§ **Raw data**:
BEGIN
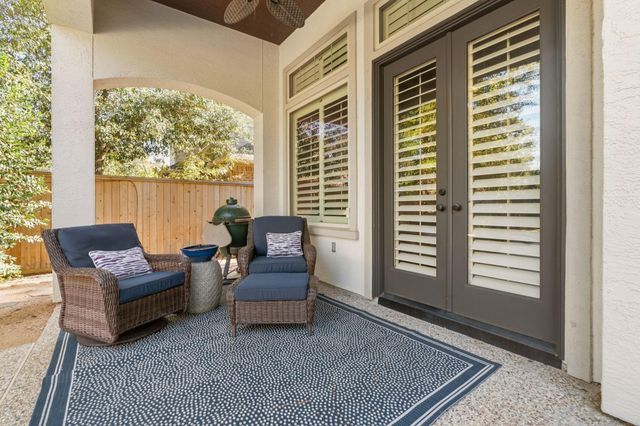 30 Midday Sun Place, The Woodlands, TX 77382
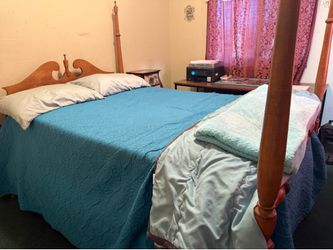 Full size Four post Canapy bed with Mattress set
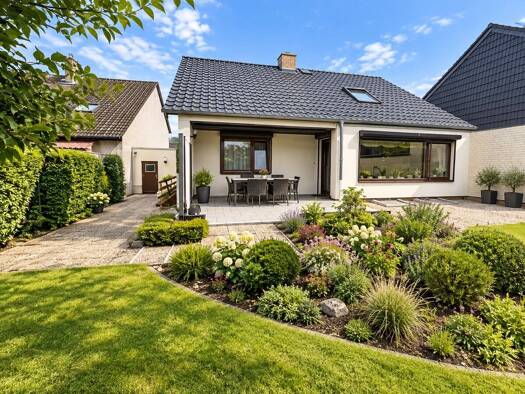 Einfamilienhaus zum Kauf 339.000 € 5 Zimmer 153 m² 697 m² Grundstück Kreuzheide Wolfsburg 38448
END
§ **What is needed**: Pictures stay out; the data above is to be returned exactly.

§ **Written response**:
 30 Midday Sun Place, The Woodlands, TX 77382
 Full size Four post Canapy bed with Mattress set
 Einfamilienhaus zum Kauf 339.000 € 5 Zimmer 153 m² 697 m² Grundstück Kreuzheide Wolfsburg 38448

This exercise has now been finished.